Created 03-15-2016 02:07 PM
Presently, we are running ambari server on ec2 instance and using rds instance i.e Mysql as database. Ambari server's disk space is 80% full now. What is the best way to take backup and ambari server up and running. Can anyone please tell me the procedure?
Created 03-15-2016 02:41 PM
Clone the vm if ambari is running in vm
If it's on baremetal then backup the database and follow this http://docs.hortonworks.com/HDPDocuments/Ambari-2.1.1.0/bk_ambari_reference_guide/content/_back_up_c...
AMS stores the data in embeded HBASE instance.
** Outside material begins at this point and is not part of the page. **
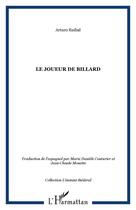 Couverture du livre « Le joueur de billard » de Arturo Ruibal aux éditions Editions L'harmattan
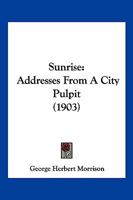 Sunrise: Addresses From A City Pulpit 1120867614 Book Cover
See this https://cwiki.apache.org/confluence/display/AMBARI/AMS+-+distributed+mode
You need to backup AMS
Created 03-15-2016 02:21 PM
You can take a dump of the MySQL database to a text file using the mysqldump command. You can see further info on the documentation site at https://docs.hortonworks.com/HDPDocuments/Ambari-2.1.2.1/bk_upgrading_Ambari/content/_perform_backup...
Created 03-15-2016 02:36 PM
Thank you.I am asking about ambari server backup, which is having metrics data from the last 2 months and captured most of the disk space. Let me know the process how to backup the metrics data and ambari server up and running without having downtime. Is there any downtime while doing the backup?
Created 03-15-2016 02:41 PM
Clone the vm if ambari is running in vm
If it's on baremetal then backup the database and follow this http://docs.hortonworks.com/HDPDocuments/Ambari-2.1.1.0/bk_ambari_reference_guide/content/_back_up_c...
AMS stores the data in embeded HBASE instance. See this https://cwiki.apache.org/confluence/display/AMBARI/AMS+-+distributed+mode
You need to backup AMS
Created 03-15-2016 04:35 PM
you can use the ambari metrics api or go directly to the Phoenix database, AMbari metrics leverages Phoenix for it's storage.
https://cwiki.apache.org/confluence/display/AMBARI/Phoenix+Schema
Since its in Phoenix, you can use Mapreduce, Spark, Pig, JDBC to grab the data or using the REST API I mentioned above
https://cwiki.apache.org/confluence/display/AMBARI/Ambari+Metrics+API+specification
Created 03-15-2016 05:53 PM
What is the Total space you have allocated for Ambari Metrics? It is expected to be about 100Gb based on the workloads. How many nodes are in the cluster and what components run on this system? Do you need all those data?
You could also review the TTL parameters in AMS to reduce the amount of data retained over a period of time.
If you have 100's of nodes, you could also look at using HDFS for storage[ie, move from embedded to distributed mode]. This way you could move the content into HDFS.
Created 03-16-2016 02:07 PM
We are having a small cluster with 30 nodes, in which 18 are data nodes. We assigned 15GB for ambari-server. we deployed our packages through slider in hadoop cluster as a long running jobs. We are not using any ecosystems. Thank you. For how many days, we need to store the AMS data? Is there any specific calculation for that?
Created 03-16-2016 10:38 PM
It is upto your cluster planning and how old data you need.